Claiming that Spero’s order was “clearly erroneous or contrary to law,” our opponents quickly appealed his ruling to Chief Judge Vaughn Walker in hopes of preventing our defense team from seeing evidence that could weaken the legal challenge against Prop 8. A district judge can overturn a magistrate’s order only upon a finding of clear error, reaching a “definite and firm conviction that a mistake has been committed.” To Judge Walker’s credit, last week he ruled that Judge Spero’s decision to compel our opponents to disclose their internal records was neither clearly erroneous nor contrary to law, and therefore denied their appeal.
Judge Walker affirmed that the “documents from the No on 8 campaign could be relevant to the question of why voters approved Proposition 8, as the messages from the No on 8 campaign were part of the mix of information available to the voters.” So now, even though the live witness testimony phase of the trial has been completed, our Prop 8 Legal Defense team will finally have an opportunity to review our opponents’ campaign records – just as they have already reviewed ours – and potentially submit evidence and arguments to counter our opponents’ claims that Prop 8 is unconstitutional.

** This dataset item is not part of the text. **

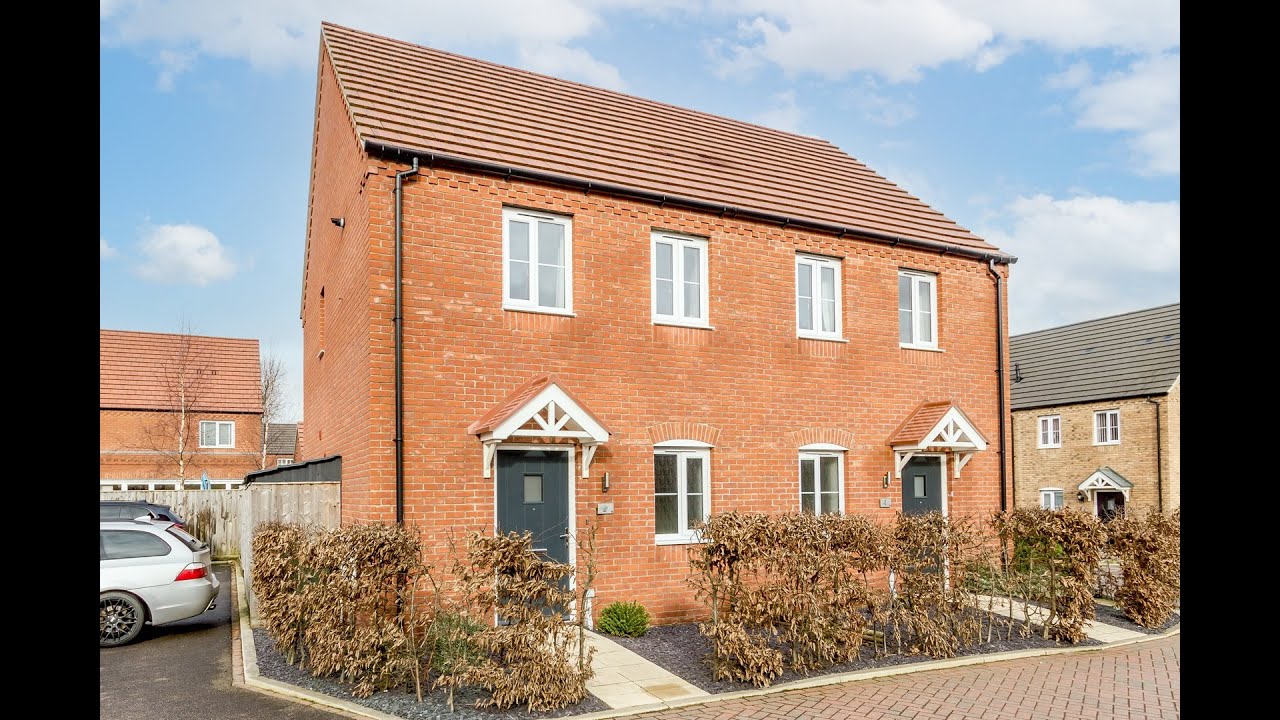 Modern three bedroom semi-detached house for rent in Swaffham, Norfolk with Longsons Estate Agents.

In upholding Spero’s order, Walker also maintained the March 31st deadline for our opponents to turn over their documents, and gave our legal team a two-week period to add any newfound evidence into the trial record. Regardless of whether that schedule will hold, at some point our legal team should be able to undertake the critical task of pouring over the documents with a fine-toothed comb. Because we may be limited to such a short time in which to cull through tens of thousands of expected documents, the Prop 8 team of attorneys will likely be required to work around the clock to finish the task. We appreciate any donation you can make to help cover the expenses of this herculean effort.
Not surprisingly, Equality California and the ACLU have appealed Judge Walker’s order to the Ninth Circuit Court of Appeals. And Judge Walker has already issued a ‘stay’ of his own order for document disclosure for a week, while our opponents ask the Ninth Circuit to intervene. This means that even now – months after our side was forced to disclose internal campaign records to our opponents – we continue to wait while our opponents refuse to disclose the same kind of evidence.
As always, we appreciate your support and will keep you posted as the process continues.